In the 1980s and 1990s, the neighbourhood—Mackenzie Heights, in particular—was beset by teardowns and rebuilding in by then a mature community. In a 1990 Vancouver Sun feature, columnist Denny Boyd visited the area with Michael Kluckner. The local historian and visual artist told Boyd about the first house built in the area: “It used to be called Playfair house, 2 1/2 storeys, leaded windows, wooden steps and a veranda, built on two legal 10-metre lots.” Boyd writes that the house sold in 1988 for lot value and was demolished, with “two modern, boxy view houses,” one of which was occupied by the purchaser. The other was flipped for profit. “The purchaser, demolisher and current resident,” Boyd revealed in the article’s final sentence, “is New Democratic Party leader and former Vancouver mayor, Mike Harcourt.”
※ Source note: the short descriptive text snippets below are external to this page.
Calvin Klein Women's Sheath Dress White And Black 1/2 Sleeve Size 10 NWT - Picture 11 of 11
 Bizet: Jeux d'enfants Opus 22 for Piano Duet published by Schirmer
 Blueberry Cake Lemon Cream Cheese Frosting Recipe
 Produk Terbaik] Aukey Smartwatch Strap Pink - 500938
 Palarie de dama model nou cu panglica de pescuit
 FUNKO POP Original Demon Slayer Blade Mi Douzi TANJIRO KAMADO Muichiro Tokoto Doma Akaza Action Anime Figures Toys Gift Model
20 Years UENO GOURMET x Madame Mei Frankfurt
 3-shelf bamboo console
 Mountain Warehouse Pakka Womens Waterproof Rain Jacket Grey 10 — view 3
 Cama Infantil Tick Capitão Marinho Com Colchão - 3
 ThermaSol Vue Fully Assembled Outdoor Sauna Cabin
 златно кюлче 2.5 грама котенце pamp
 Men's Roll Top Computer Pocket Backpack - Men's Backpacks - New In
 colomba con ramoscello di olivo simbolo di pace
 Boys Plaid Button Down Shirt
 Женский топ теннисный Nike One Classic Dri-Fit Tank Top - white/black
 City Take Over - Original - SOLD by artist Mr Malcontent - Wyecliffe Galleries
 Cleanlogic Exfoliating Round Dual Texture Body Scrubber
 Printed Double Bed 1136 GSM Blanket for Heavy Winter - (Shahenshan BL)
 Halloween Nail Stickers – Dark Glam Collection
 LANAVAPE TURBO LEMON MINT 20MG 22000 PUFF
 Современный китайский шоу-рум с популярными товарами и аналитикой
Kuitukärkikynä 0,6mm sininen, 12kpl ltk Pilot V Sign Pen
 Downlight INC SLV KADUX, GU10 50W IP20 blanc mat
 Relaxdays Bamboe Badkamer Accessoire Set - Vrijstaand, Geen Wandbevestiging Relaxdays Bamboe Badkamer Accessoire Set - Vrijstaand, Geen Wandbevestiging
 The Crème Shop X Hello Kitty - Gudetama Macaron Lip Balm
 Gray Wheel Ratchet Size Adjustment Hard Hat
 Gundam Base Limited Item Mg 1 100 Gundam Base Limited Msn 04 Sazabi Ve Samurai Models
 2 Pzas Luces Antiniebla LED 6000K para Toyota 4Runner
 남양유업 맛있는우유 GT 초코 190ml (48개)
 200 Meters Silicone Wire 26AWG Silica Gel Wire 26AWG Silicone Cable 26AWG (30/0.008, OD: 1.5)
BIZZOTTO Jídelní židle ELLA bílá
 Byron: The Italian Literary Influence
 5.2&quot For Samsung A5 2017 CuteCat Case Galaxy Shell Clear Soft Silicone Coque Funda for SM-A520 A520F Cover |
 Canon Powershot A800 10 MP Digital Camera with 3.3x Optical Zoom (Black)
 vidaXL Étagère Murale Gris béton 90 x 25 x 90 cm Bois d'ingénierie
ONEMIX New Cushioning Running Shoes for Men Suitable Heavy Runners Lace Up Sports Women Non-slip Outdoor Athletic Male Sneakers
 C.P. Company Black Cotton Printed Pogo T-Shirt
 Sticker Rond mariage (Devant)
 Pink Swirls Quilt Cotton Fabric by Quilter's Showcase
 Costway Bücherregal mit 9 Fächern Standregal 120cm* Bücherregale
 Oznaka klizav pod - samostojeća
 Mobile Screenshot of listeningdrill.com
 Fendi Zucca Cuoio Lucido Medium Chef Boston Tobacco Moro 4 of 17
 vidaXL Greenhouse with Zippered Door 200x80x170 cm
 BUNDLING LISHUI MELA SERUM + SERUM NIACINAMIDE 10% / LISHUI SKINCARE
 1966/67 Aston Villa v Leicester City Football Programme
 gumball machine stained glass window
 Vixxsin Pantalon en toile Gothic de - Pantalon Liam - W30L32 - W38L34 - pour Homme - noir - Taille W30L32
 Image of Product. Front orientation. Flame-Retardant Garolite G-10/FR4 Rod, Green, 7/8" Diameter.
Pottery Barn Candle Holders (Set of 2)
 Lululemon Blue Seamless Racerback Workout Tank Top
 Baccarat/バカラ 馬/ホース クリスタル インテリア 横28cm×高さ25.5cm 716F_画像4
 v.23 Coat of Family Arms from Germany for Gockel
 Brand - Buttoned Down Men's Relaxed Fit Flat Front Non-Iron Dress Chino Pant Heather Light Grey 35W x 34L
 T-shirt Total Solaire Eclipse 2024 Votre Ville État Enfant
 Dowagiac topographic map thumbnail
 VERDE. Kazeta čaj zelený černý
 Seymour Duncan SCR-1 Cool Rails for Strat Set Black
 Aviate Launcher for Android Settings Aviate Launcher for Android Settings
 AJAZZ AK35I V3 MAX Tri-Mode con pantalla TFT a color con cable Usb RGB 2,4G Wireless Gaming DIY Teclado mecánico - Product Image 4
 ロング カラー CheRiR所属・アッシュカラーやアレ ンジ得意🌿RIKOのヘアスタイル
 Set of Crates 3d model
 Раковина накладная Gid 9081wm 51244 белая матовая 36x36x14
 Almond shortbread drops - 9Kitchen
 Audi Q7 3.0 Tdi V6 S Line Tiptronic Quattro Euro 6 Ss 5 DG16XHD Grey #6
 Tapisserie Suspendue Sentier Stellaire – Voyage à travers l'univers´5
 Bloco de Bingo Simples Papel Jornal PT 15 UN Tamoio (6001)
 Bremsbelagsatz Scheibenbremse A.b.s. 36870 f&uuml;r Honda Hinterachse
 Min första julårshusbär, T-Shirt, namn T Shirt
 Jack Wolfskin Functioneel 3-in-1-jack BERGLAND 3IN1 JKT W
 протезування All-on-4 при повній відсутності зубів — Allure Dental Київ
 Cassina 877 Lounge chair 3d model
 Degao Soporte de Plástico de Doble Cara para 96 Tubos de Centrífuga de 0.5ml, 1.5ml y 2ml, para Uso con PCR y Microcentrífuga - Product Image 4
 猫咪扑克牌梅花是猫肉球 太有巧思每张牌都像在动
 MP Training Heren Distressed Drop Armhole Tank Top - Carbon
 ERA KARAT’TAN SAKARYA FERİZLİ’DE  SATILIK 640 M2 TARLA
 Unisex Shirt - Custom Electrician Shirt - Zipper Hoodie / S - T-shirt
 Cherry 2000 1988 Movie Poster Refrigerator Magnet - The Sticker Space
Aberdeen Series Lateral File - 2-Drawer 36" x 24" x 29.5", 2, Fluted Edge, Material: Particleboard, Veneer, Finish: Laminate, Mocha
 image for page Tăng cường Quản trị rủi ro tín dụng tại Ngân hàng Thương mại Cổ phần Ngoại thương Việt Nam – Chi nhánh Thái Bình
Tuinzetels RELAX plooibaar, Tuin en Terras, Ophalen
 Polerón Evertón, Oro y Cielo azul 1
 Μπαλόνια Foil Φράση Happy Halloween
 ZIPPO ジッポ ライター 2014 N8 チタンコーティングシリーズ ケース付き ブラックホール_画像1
Today, census data show Arbutus Heights to be an aging, well-off neighbourhood with a large East Asian presence. A city report also notes more “income polarization and a higher low income rate than the city overall.” On a related note, the Arbutus Club was in the news in 2025 when its workers went on strike for fair wages. The disparity between the elites and plebes in this west side neighbourhood is, unfortunately, no rumour.